Based on our pool for Super Bowl 50, designing the box is really quite simple. Start by downloading and printing ours, or construct your own with a regular piece of blank paper or make a huge one on a big piece of poster board.

To make it yourself, first draw a massive rectangle with enough space to break that rectangle up into 100 smaller squares. Assign a team to the top, or x-axis, and the other to the side, or y-axis. It doesn’t matter which team is where.

Assigning Teams And Numbers

After you’ve created your full board and broken up the squares, it’s time to assign numbers. The numbers run from 0 all the way to 9. They are assigned randomly to both the team on top and the one on the side. Usually pool officiants will draw the numbers out of a hat to make it random and more exciting.

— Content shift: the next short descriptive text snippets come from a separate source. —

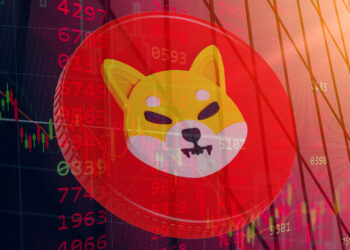 Shiba Inu adopts DeFi: Introduces digital ID verification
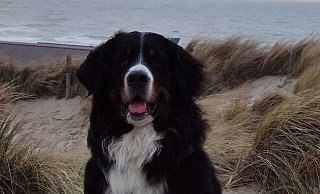 Tier der Woche: Hund Banshee von Sabrina Nentwich genießt den Tag am Strand. - Sabrina Nentwich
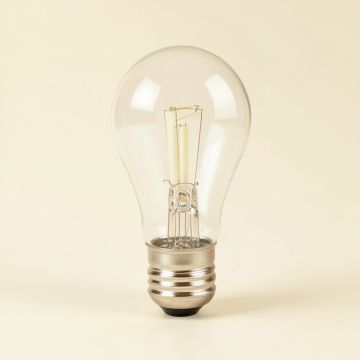 8 Watt ( 60 Watt Equivalent ) , A19 Led , Dimmable Light Bulb , E26/Medium ( Standard ) Base (synthetic illustration; no displayed measurements)
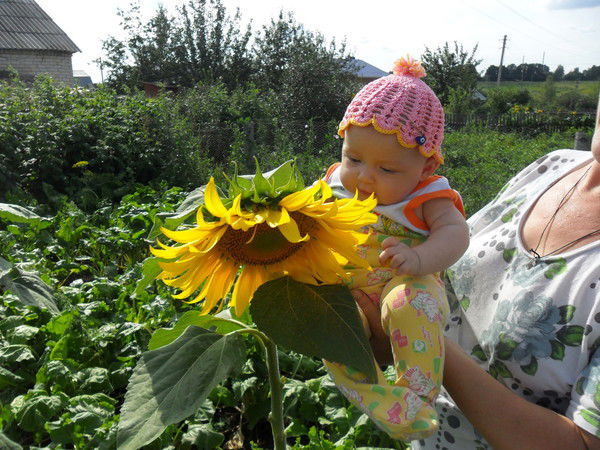 Василий Руднев
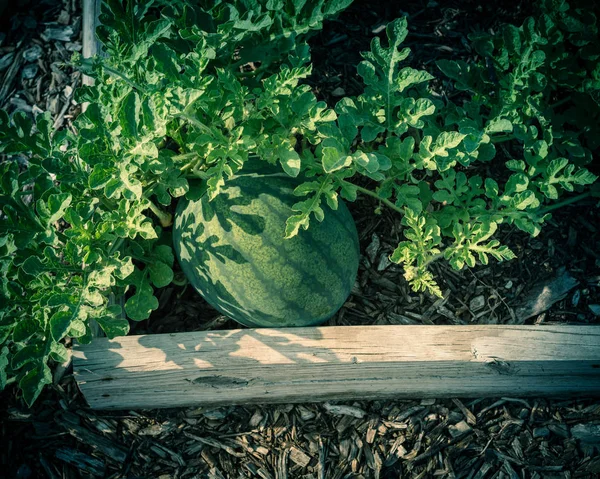 Imagen filtrada sandía orgánica lista para cosechar en el jardín del patio trasero en América —  Fotos de Stock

Once you’ve designated the numbers for each box, it’s time to sell off each of those boxes to the players.

But most ways to play is to have everyone bet on boxes first, and then assign numbers on the x or y axis by pulling them out of a hat. The first number to be picked goes in the upper left corner and the second number goes either along the x and y axis until all the boxes are filled. This allows for all participants to have an even chance of winning.

Picking Winning Numbers

The whole point is to have a box on numbers that will reflect the score at the end of each quarter and at the very end. Since touchdowns can be scored as either 6, 7, or 8 points, field goals are always 3 points, and safeties are always 2 points, you want to land the numbers that properly add up to a typical football score. The most popular choices are 0s, 1s, 3s, 4s, 6s, and 7s. 

How Many Players Can Participate?

As long as there is a box to bet on, anyone can play. Players can also bet on multiple boxes.

Does The Winner Take The Whole Pot?

Yes. There is no second place. You can keep playing for each quarter of the Super Bowl so there are four big chances to play and win. 

How Much Should Be Bet Per Box?

It depends on how much your group likes to gamble. Most bars charge $5 a box, but office pools can up the wager to $10 or $20 or a lot more.